Era sicura delle parole del marito, di cui conosceva il carattere dolce e forte nello stesso tempo. Sì, al suo fianco non aveva paura, perché lui l’avrebbe protetta da ogni pericolo, da qualsiasi insidia, come sempre del resto aveva fatto. Sentì il desiderio di dirglielo espressamente.
«Vicino a te, Vincenzo, non temo niente e nessuno… Ma cosa faremo in questo Paese a noi sconosciuto?» chiese subito dopo, con lieve tremore nella voce.
«Troveremo un lavoro e una casa, sta’ tranquilla,» lui le rispose cingendo il suo busto con le braccia, «a New York o magari a Utica, dove vive Pasquale. Ci aiuterà, vedrai, se all’inizio avremo problemi o incontreremo difficoltà. Pasquale è più di un amico per noi… un fratello. Siamo andati sempre d’accordo. Mai un litigio, neanche un piccolo screzio tra noi.» Scosse sua moglie delicatamente, poi continuò: «Siamo qui per restare, Filomena. Restare per sempre.»
«Restare?» lei esclamò con stupore. «Restare per sempre in questo Paese? E nostro figlio in Italia? Lo hai forse dimenticato?»
«Certo che no! Ci raggiungerà tra qualche anno, non appena sarà cresciuto. Ne abbiamo discusso più volte, ricordi? Qui troverà tutto quello che vuole. Potrà studiare o magari cercarsi un lavoro. C’è posto per tutti, te l’ho detto. Anche per lui.»
Rannicchiata fra le braccia del marito, Filomena avvertiva il calore del suo corpo, mentre una brezza leggera le scompigliava, delicatamente, i neri capelli sulla fronte. Per un po’ ella stette in silenzio, seguendo con lo sguardo il volo di alcuni gabbiani che, con le candide ali, lambivano la superficie increspata del mare; infine, poggiata la testa al petto del marito, chiese, quasi mormorando:
«E il nostro paese, la nostra patria? Mio padre, mia madre, tua sorella… che cosa sarà di loro? Che faranno? Ci hai pensato, Vincenzo?»
«Tireranno avanti come sempre hanno fatto. Qualche aiuto lo avranno da noi. Gli spediremo un po’ di denaro ogni mese, perché provvedano anche ai bisogni di nostro figlio, che con loro è al sicuro… Ma questa è la nostra vita, il nostro sogno, cui non possiamo rinunciare. Abbiamo fatto tanti sacrifici per pagarci il viaggio. Ora siamo arrivati… Siamo in America, finalmente!»
Filomena non rispose: un nodo alla gola glielo impedì. A stento trattenne una lacrima. Circondò con le braccia la vita di Vincenzo che, a sua volta, le appoggiò una guancia sulla fronte.

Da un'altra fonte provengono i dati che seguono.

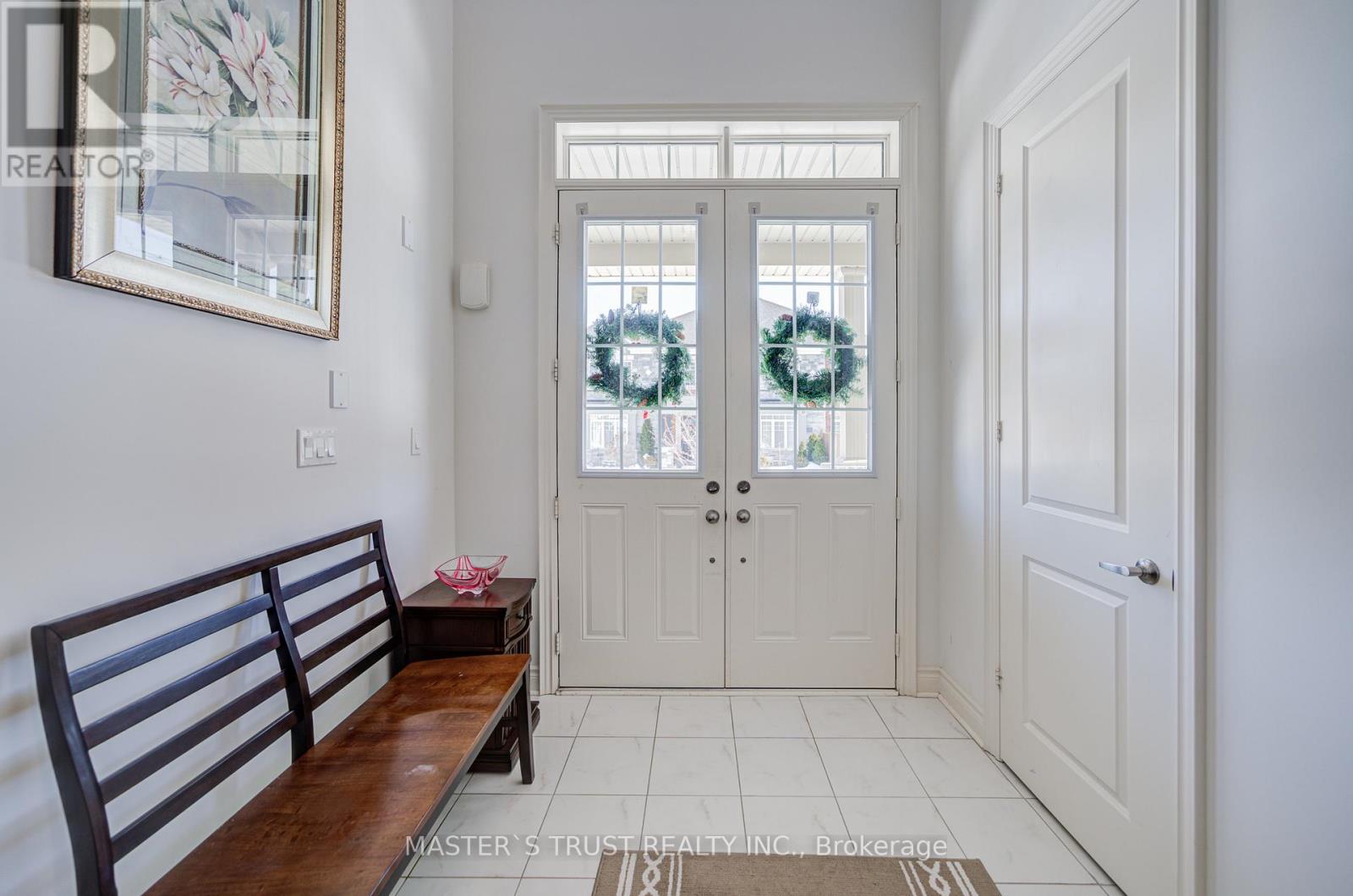 57 Tupling Street, Bradford West Gwillimbury (Bradford), Ontario  L3Z 0W8 - Photo 6 - N12847342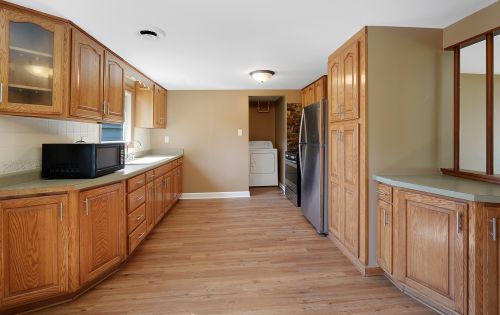 741 Kent Ave, Crete IL  60417-3921 exterior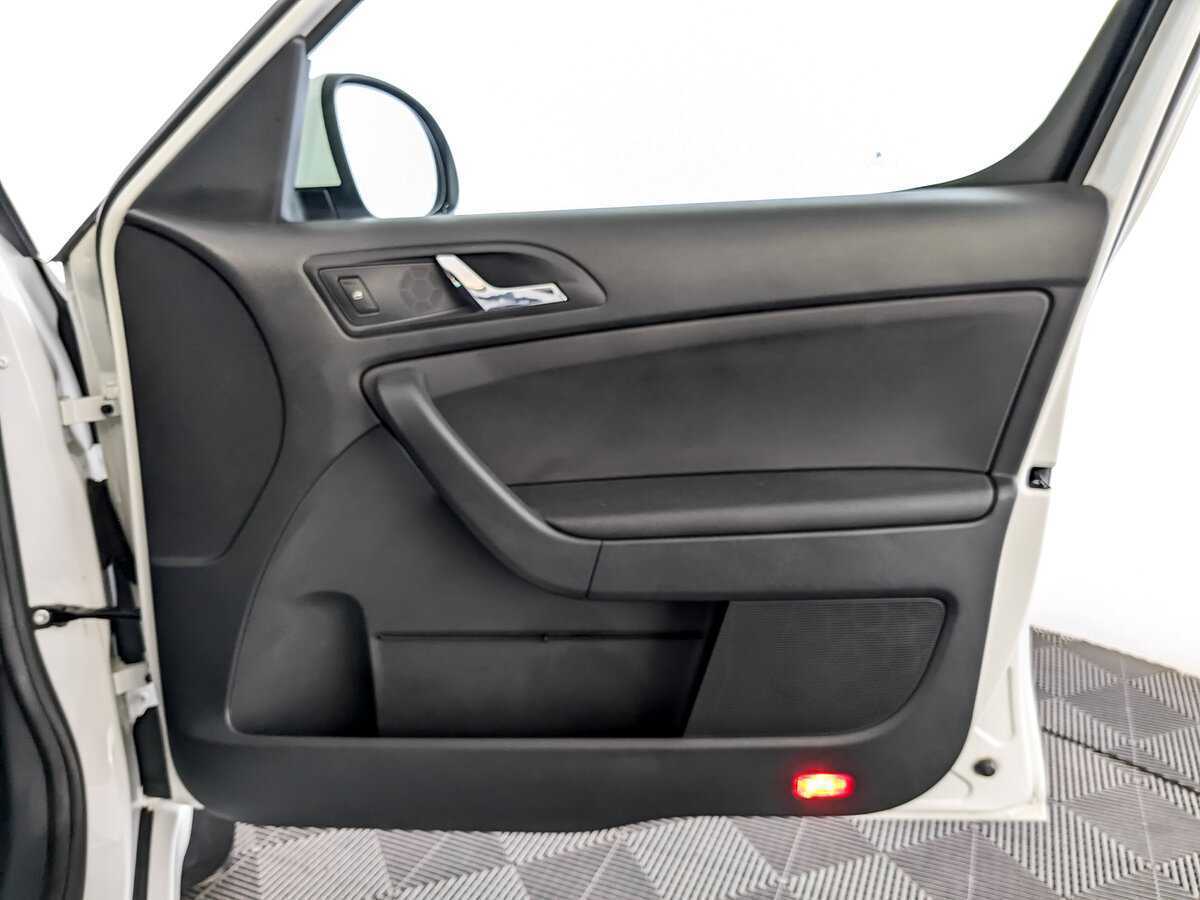 Шкода Йети б/у, 2016, Роботизированная. Фото: #22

In quel momento egli avrebbe voluto accarezzarla, baciarla sulle labbra, ma non poté: non erano soli.
Assieme a loro infatti, gomito a gomito, altri emigranti italiani, affacciati anch’essi al parapetto della nave, osservavano, con animo pieno di ansia, quel mondo nuovo, sconosciuto, attraente e spaventoso al tempo stesso, dove speravano di iniziare una vita diversa, migliore di quella che si lasciavano alle spalle.
Intorno si udivano risa, sospiri, un vociare confuso, il pianto di un bimbo e, su tutto, una breve e semplice parola, quasi gridata con speranza, con ardore:
«America… America… America.»
Filomena e Vincenzo si volsero ancora a guardare la statua della Libertà ormai più vicina, in modo particolare il braccio possente e teso a sorreggere una torcia, la cui fiamma di bronzo, però… non irradiava né luce né calore.